Die Erbschaftsteuer nach der Entscheidung des Bundesverfassungsgerichts
Symposium vom 21. Januar 2015
Am Mittwoch, dem 21. Januar 2015, fand im Conti-Campus der Leibniz Universität Hannover (LUH) vor einem prall gefüllten Hörsaal ein Symposium zu dem Thema „Die Erbschaftsteuer nach der Entscheidung des Bundesverfassungsgerichts“ statt.
Schon während des Begrüßungswortes von Dr. Thomas Keß, Richter am Finanzgericht Hannover und Lehrbeauftragter der juristischen Fakultät der LUH, wurde deutlich, dass dieses Thema in Hannover an der Leibniz Universität bestens aufgehoben ist, immerhin war es einst Leibniz selbst, der Kaiser Leopold I. vorgeschlagen hatte, eine Steuer auf das Erbe zu erheben. Trotz dieser Verbundenheit zum Steuerrecht wird an der juristischen Fakultät der LUH derzeit nur eine einzige Vorlesung im Steuerrecht angeboten. Zahlreiche Steuerrechtspraktiker und steuerrechtlich interessierte Studierende planen daher zurzeit die Gründung eines „Vereins zur Förderung der Steuerrechtswissenschaft an der LUH“. Sie vertreten die Ansicht, dass es als Jurist nicht nur in eigener Sache hilfreich ist, zumindest die Grundlagen des Steuerrechts zu verstehen, sondern es auch hilft, wirtschaftliche Vorgänge der Mandanten besser nachvollziehen zu können. Der Verein wird voraussichtlich im März gegründet. Keß rief alle Interessierten dazu auf, sich als Gründungsmitglieder oder später als Mitglieder für das Vorhaben zu engagieren.

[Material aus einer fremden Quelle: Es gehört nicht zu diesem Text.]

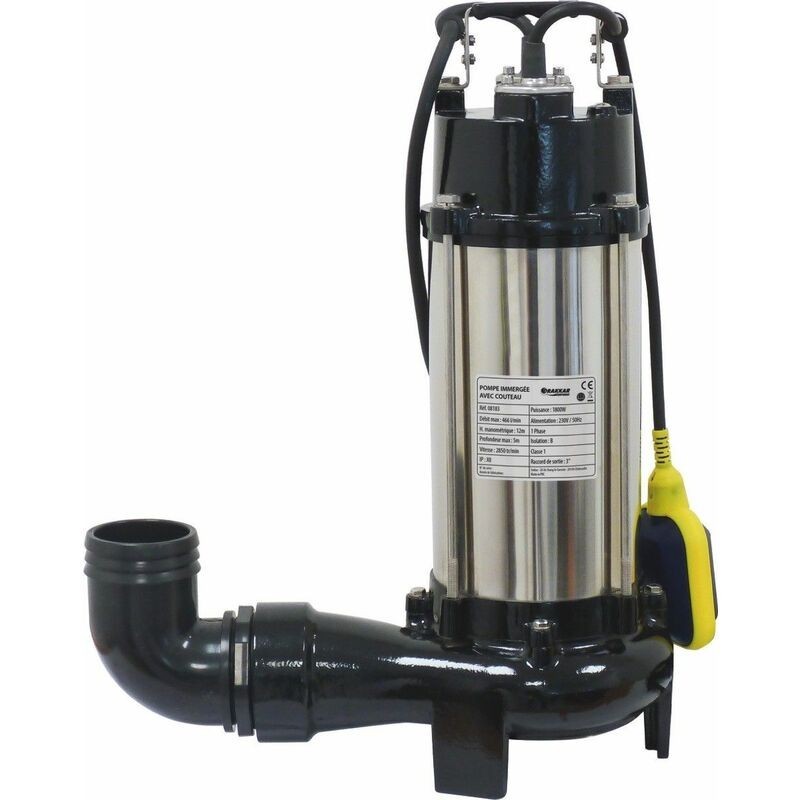 Pompe immergée automatique avec couteau 1800W Drakkar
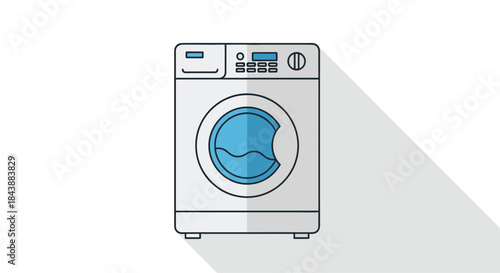 Flat design line art illustration of a front-loading washing machine, casting a long shadow on a clean white background.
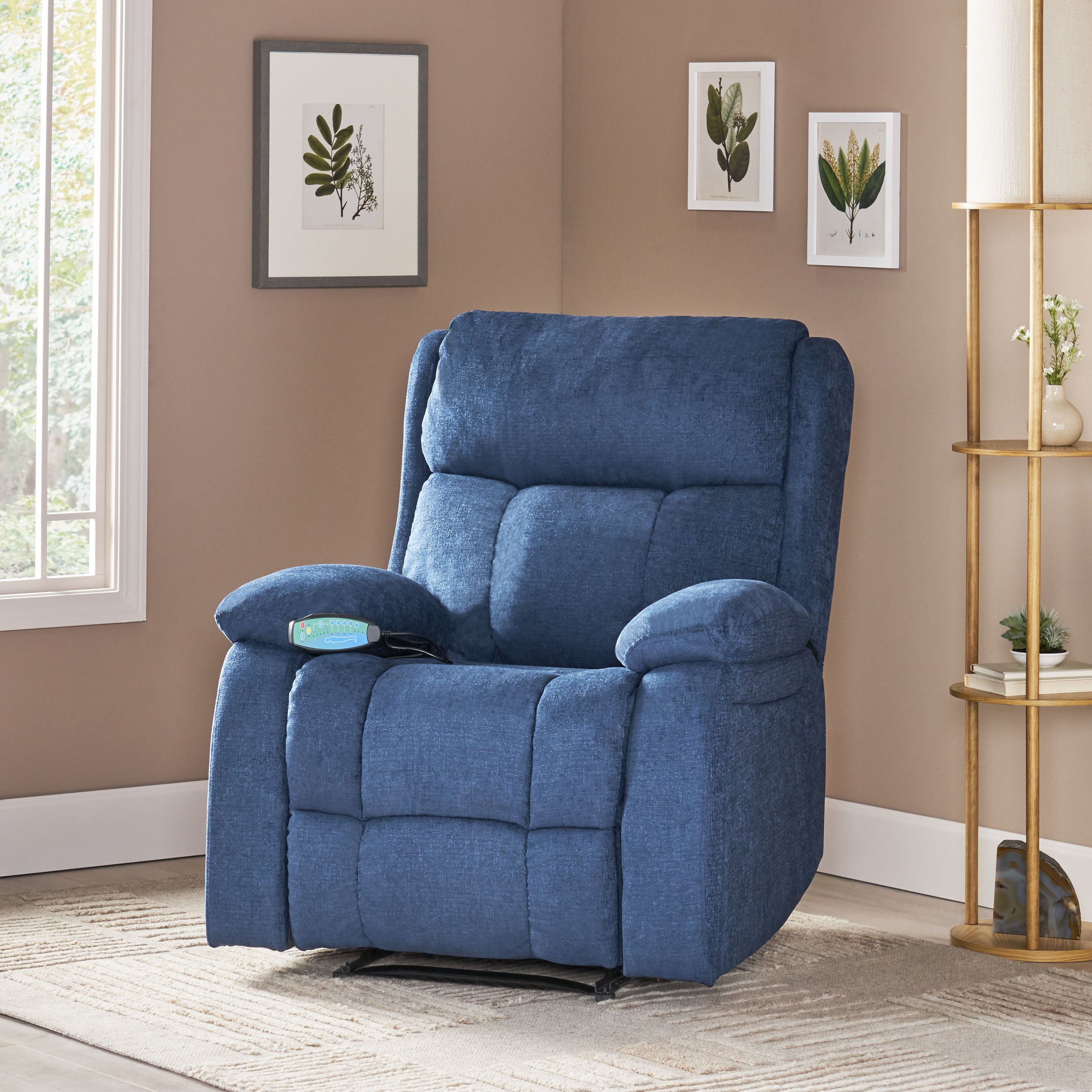 Lexie Contemporary Pillow Tufted Massage Recliner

Grußwort von Prof. Dr. Mehde
Auch die juristische Fakultät begrüßte die Teilnehmer der Veranstaltung vertreten durch den Dekan Herrn Prof. Dr. Veith Mehde. Er zeigte sich erfreut, über die prominent besetzte steuerrechtliche Veranstaltung an der LUH und merkte zum Thema des Abends an, dass es gerade für ihn als Professor des öffentlichen Rechts lobenswert sei, dass das BVerfG in dem Urteil eine geradezu schulmäßige Prüfung der Verhältnismäßigkeit durchgeführt habe.
Grußwort des Präsidenten des BFH Prof. Dr. R. Mellinghoff
Die Einführung in das Veranstaltungsthema übernahm Prof. Dr. Rudolf Mellinghoff, Präsident des BFH und Vorsitzender der Deutschen Steuerjuristischen Gesellschaft. Er betonte zunächst, dass einer der Zwecke der Deutschen Steuerjuristischen Gesellschaft sei, das Steuerrecht als feste Größe in den Universitäten zu installieren. Daher begrüße er die Gründung des geplanten Vereins. Mellinghoff wies auf die Wichtigkeit der Erbschaftsteuer-Entscheidung und deren Thematisierung in einer Veranstaltung wie dieser hin. Das Urteil habe eine enorme Aufmerksamkeit auf sich gezogen, sodass Gesprächsbedarf bestünde.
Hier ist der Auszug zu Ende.